Oblate ellipsoids and latitude

Question

I've been reading Wikipedia and am having a bit of trouble.

https://en.wikipedia.org/wiki/Latitude

Geodetic latitude would clearly change if the Earth were squashed vertically.

But would places like London retain their original geocentric latitude if this happened?

Or would geocentric latitude change, too?

I made these two images.

The left image is of a perfect sphere. The right image is of an oblate ellipsoid with geodetic latitude lines. The height of the right ellipsoid is equal to sin(45) times the height of the left sphere.

The yellow dot on the left image marks Greenwich, England.

Where should the yellow dot go on the right image?

If someone could place the dot roughly, then I can then work backwards to answer my question.

Answer 1

There's no single "right answer" (to where the yellow dot goes). It all depends on what you want to preserve as you deform the ellipsoid.

Let's start with the continents drawn on the reference ellipsoid and you want to exaggerate the flattening of the earth to emphasize the ellipsoidal effects.

• If you squash everything vertically, you are preserving the parametric latitude β.

• If you squash radially (by a factor that depends on latitude), you are preserving the geocentric latitude θ.

• If you wish to preserve shapes, you should hold the conformal latitude χ of points constant.

• If you wish to preserve areas, you should hold the authalic latitude ξ of points constant. This has my vote because it leads to the most natural looking deformation.

• If you wish to preserve meridional distances, you should hold the rectifying latitude μ of points constant.

• Holding the geographic latitude φ constant is probably the worst choice because it leads to the bizarre result of everything being concentrated near the equator in the limit of extreme flattening.

ADDENDUM

To illustrate the various possibilities, I show here textured ellipsoids for a case of large flattening: b/a = 1/4, f = 3/4. In this sequence, the texture is mapped using φ, β, ξ, μ, χ, and θ, respectively:

geographic φ

parametric β

authalic ξ

rectifying μ

conformal χ

geocentric θ

Answer 2

To calculate the geodetic latitude of a point, we draw a line that passes through the point and is also perpendicular to the surface of the ellipsoid (called a Normal), and evaluate the angle it forms with the equatorial plane.
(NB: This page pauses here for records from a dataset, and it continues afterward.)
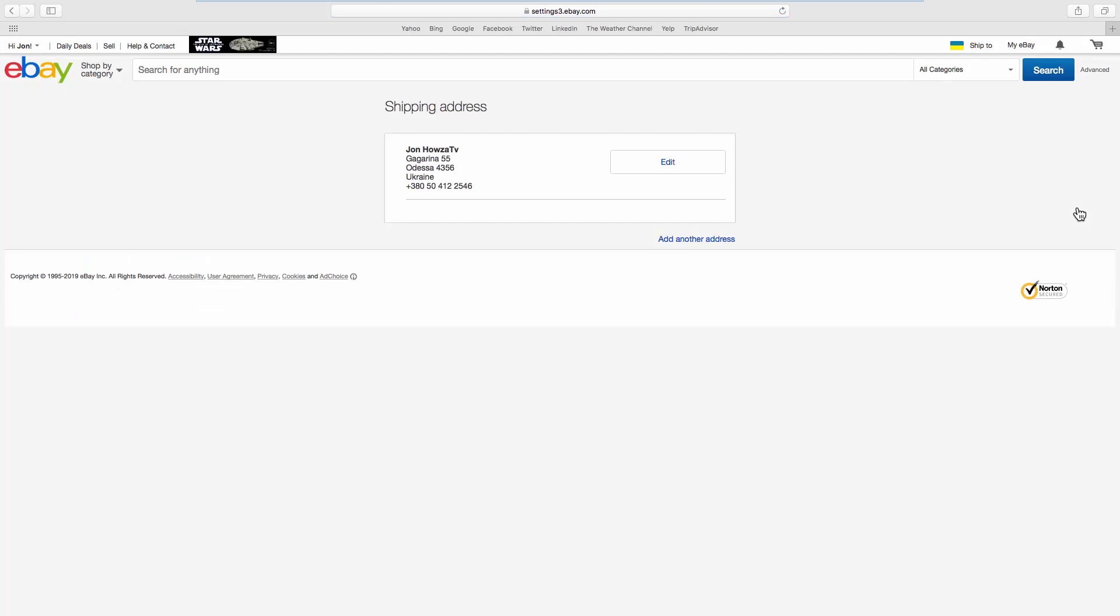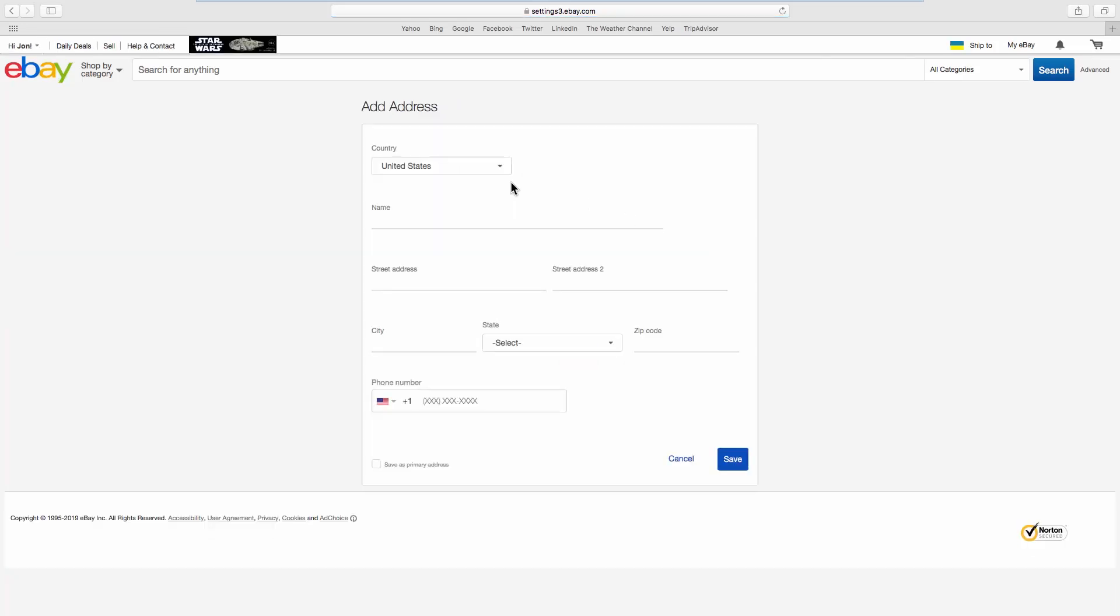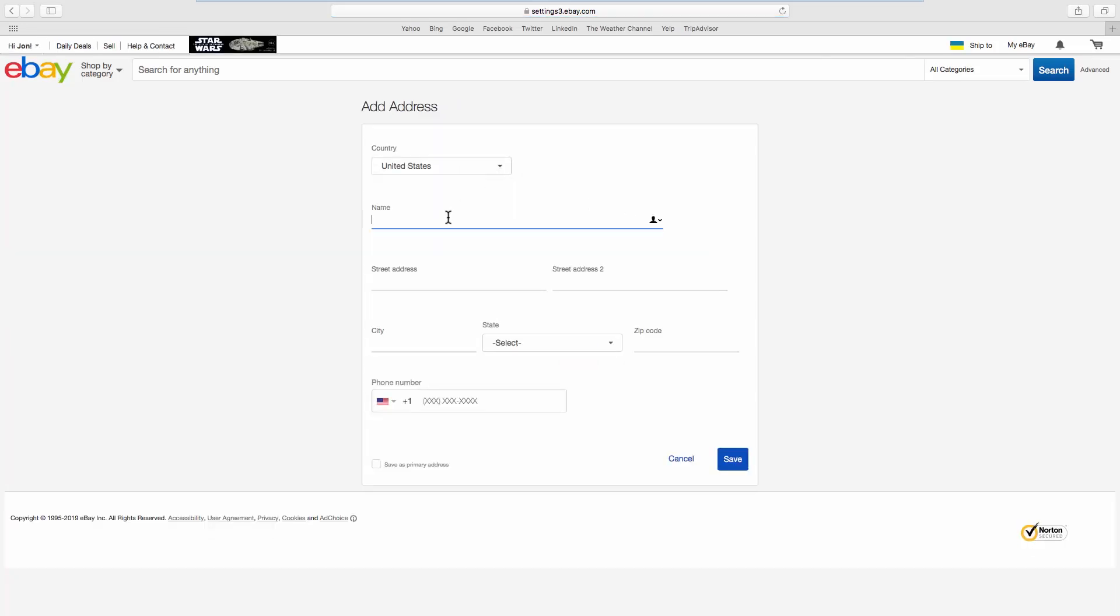Click on edit next to the address you have provided before, or add another address to provide a new one. Fill in the required fields.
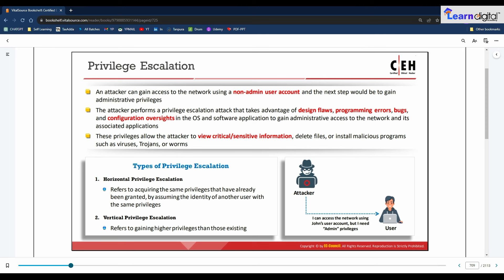There are two types of privilege escalation: horizontal and vertical. In horizontal privilege escalation, an authorized user tries to access resources and functions belonging to another user with similar access permissions — for example, an online banking user A accessing user B's bank account. In vertical privilege escalation, an unauthorized user tries to gain access to resources of a user with higher privileges, such as an application or site administrator — for example, an online banking user accessing the site's administrative functions.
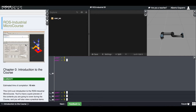Hello everybody and welcome to the ROS Industrial Microcourse. In this first chapter, chapter 0, we are going to do a brief introduction to the course. We are going to see what you are going to learn by completing this course. But first of all, what is ROS Industrial? ROS Industrial is mainly a project whose goal is to bring ROS closer to the robotics industrial world.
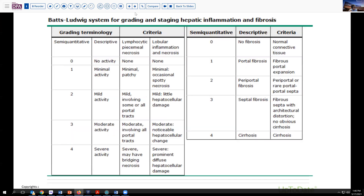There are many staging or grading systems out there for evaluating inflammation and inflammatory patterns. But this is one of the more popular ones, the Batts-Ludwig system, which is useful in staging hepatic inflammation and fibrosis. In the case of fatty liver disease, a different situation may be more appropriate. But the grading under the Batts-Ludwig system essentially defines the degree of activity of inflammation, ranging from minimal to very severe. This is based on both piecemeal necrosis patterns, as well as the extent and location of the lobular inflammation. If there's only minimal inflammation in the lobule, that's a grade one, whereas if you have prominent diffuse hepatocellular damage all through the lobule, that's a grade four, with two and three being mild to moderate disease.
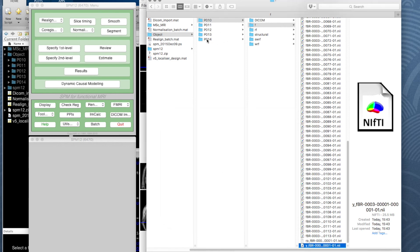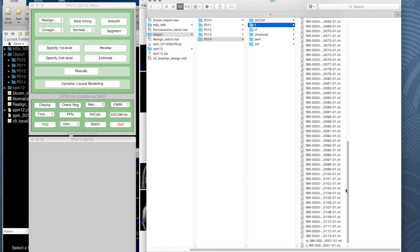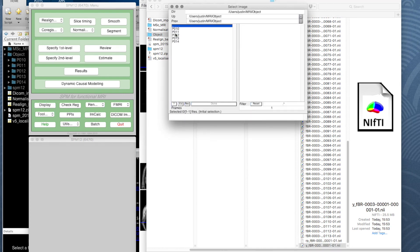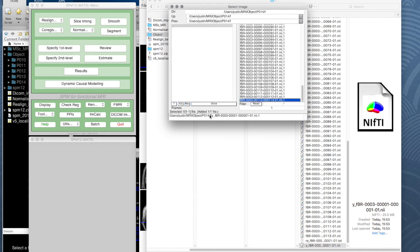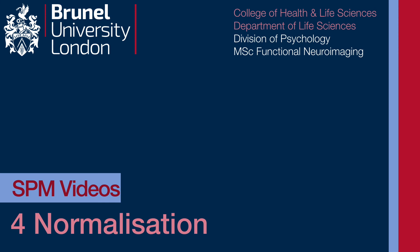Looking in participant 14's warped folder we now have the warped images. Back in the functional folder we still have the realignment parameters and the Y image, which describes the warping parameters. You could even display the Y image if you wanted to — it looks a bit strange because of the scale it's on — but it describes how to warp from the original functional image space to normalized space. You could then apply that to another image; if you ran normalize estimate only, it would have simply produced this warping parameter volume rather than reslicing images as well. That was normalization — you don't need to worry too much about how it works; just check that your images look beautiful.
In this image from the Wikipedia article, you can see this relationship between the point and its latitude. The line PN (extended to C on the equatorial plane) is the normal used as a reference for the calculation. The geocentric latitude (which is much less common) is measured by drawing a line linking the point with the center , and then measuring the angle with the equatorial plane. If we squashed the Earth, all these angles would change indeed. If the Earth were a sphere, both geocentric and geodetic latitudes would be equal for any point, because the perpendicular line would always pass through the center. On the ellipsoid, they are equal only if the point is at the poles or on the equator.